According to an overall frame option agreement signed in July 2007, Scandorama was to acquire Ölvemarks in a three-step process. Scandorama would acquire 10 percent of the shares in Ölvemarks in 2008, an additional 10 percent in 2009 and the remaining 80 percent in 2010. Scandorama acquired the initial 20 percent of the shares in Ölvemarks according to the step plan. Due to Scandorama’s difficult financial position, Scandorama never acquired the remaining 80 percent. Instead, Ölvemarks acquired Scandorama in June 2009.

The District Court confirmed that should the cooperation between Scandorama and Ölvemarks confer control (sole or joint) by Scandorama over Ölvemarks and, thus, constitute a concentration under the merger control provisions in the Act, the prohibition against anti-competitive cooperation in the Act would not be applicable. As such a concentration did not meet the turnover thresholds in the Act, it was not notifiable to the SCA and the stand-still provision (prohibiting the implementation of a concentration) would not be applicable.

However, the District Court found that the overall frame option agreement did not confer any sole control by Scandorama over Ölvemarks. This was primarily due to the uncertainty of the options being exercised by Scandorama which would lead to the acquisition of 80 percent of Ölvemarks. Indeed, this was also verified by the fact that they were never fully exercised (Scandorama only acquired 20 percent of the shares in Ölvemarks). Further, the District Court found that the minority shareholding (20 percent) acquired by Scandorama in Ölvemarks did not confer any joint control by Scandorama over Ölvemarks. The rights afforded to this minority shareholding did, in the District Courts’ view, not constitute veto rights over important business decisions in Ölvemarks (such as e.g. the budget, business plan and nomination of management) but rather typical minority shareholding protection rights which did not confer any joint control. The District Court finally found that the parties had not been able to demonstrate the existence of an oral agreement between Sandorama and Ölvermarks which, in their view, together with the minority rights would confer joint control by Scandorama over Ölvemarks.

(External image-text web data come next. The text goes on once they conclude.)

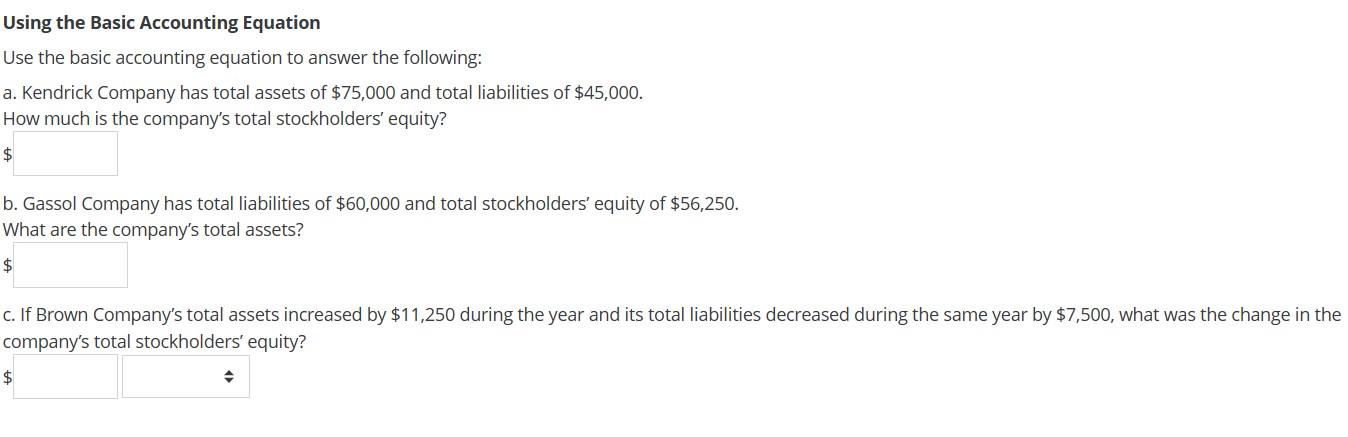 answer the following: a. Kendrick Company has total assets of $75,000 and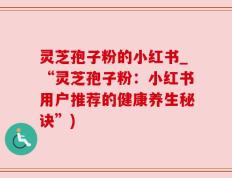 灵芝孢子粉的小红书_“灵芝孢子粉：小红书用户推荐的健康养生秘诀”)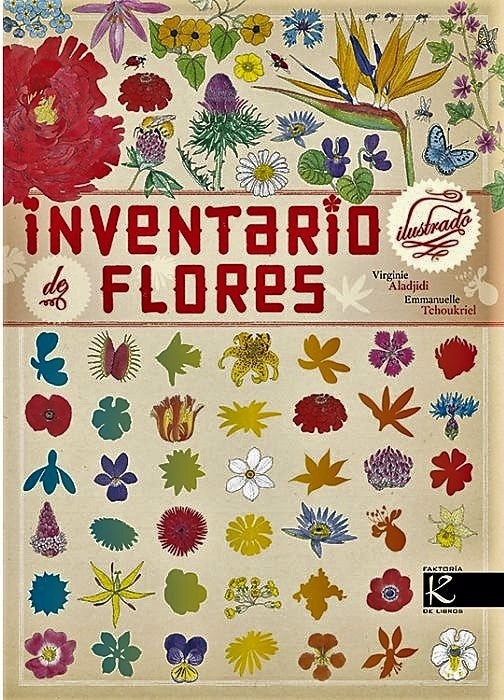 Inventario ilustrado de flores | Virginie Aladjidi - Emmanuelle Tchoukriel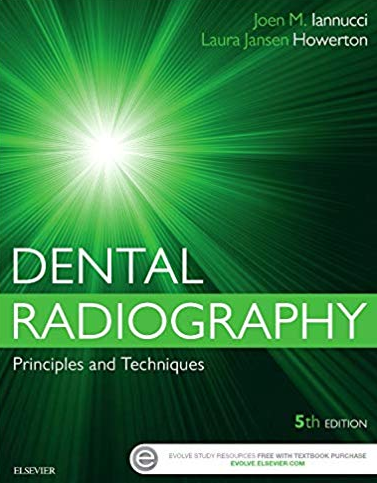 Dental Radiography: Principles and Techniques 5th Edition, ISBN-13: 978-0323297424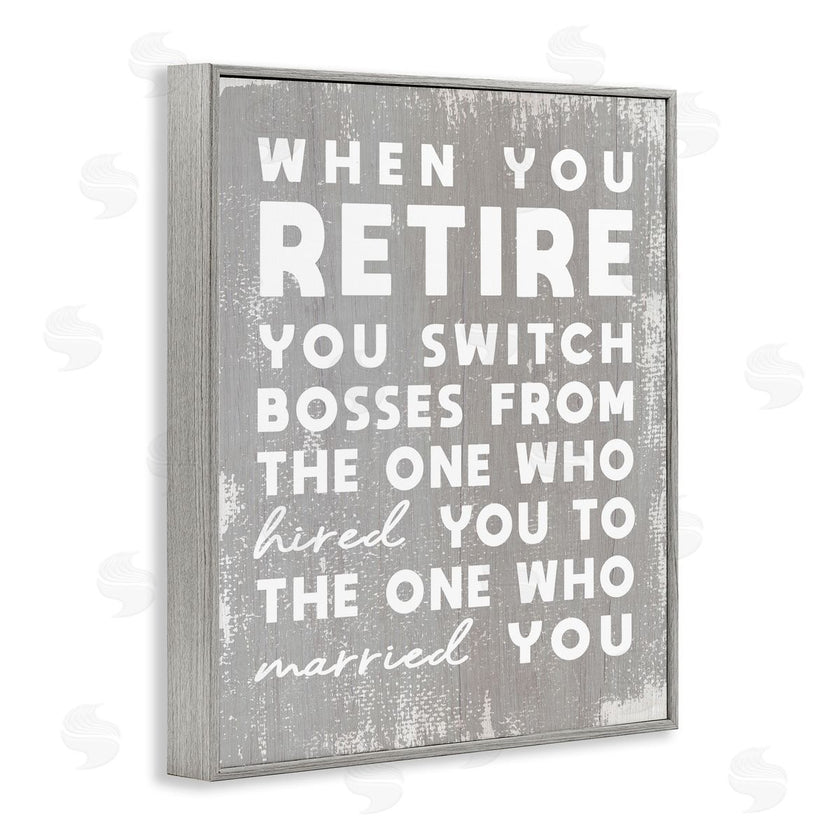 Stupell Studio | Retirement Married New Boss Humor Distressed Grey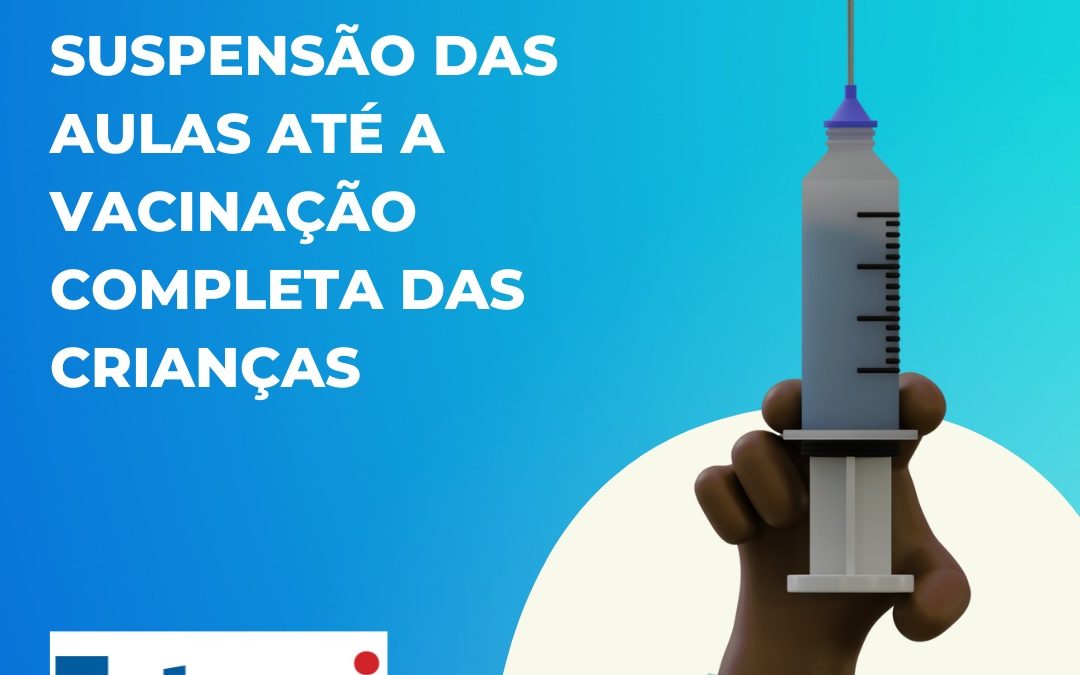 FETEERJ REIVINDICA A SUSPENSÃO DAS AULAS ATÉ A VACINAÇÃO COMPLETA DAS CRIANÇAS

As regards the amount of the fine, the District Court held that violation had been committed out of negligence rather than intent and that the parties had cooperated during the investigation. Therefore, the District Court reduced the administrative fine by 30 percent, to a total of MSEK 11.4, of what the SCA claimed.

Possible amendments of the Swedish Competition Act

On 26 April 2012, the Swedish Government appointed a committee chaired by Mr Severin Blomstrand, Justice of the Supreme Court in Sweden, to investigate the legislation that governs the powers of Swedish Competition Authority (the “SCA”) under the Swedish Competition Act (the “Act”) with the overall purpose of considering effective enforcement of the Act.

The committee is appointed to investigate matters including the following:

  • whether there are reasons to introduce provisions that enable the SCA to interrupt applicable deadlines in respect of the review of concentrations (i.e. “stop-the-clock”);
  • the functioning of the Swedish leniency program and consider the need of implementing a “marker system” for leniency applicants;
  • whether the current legislation sufficiently provides for the SCA’s needs for cooperation during dawn raids; and
  • whether there is a need to regulate the SCA’s working methods when it seizes digital material from the companies for the purposes of examining such material elsewhere than at the premises of the company.

The committee shall present its findings by 6 March 2013.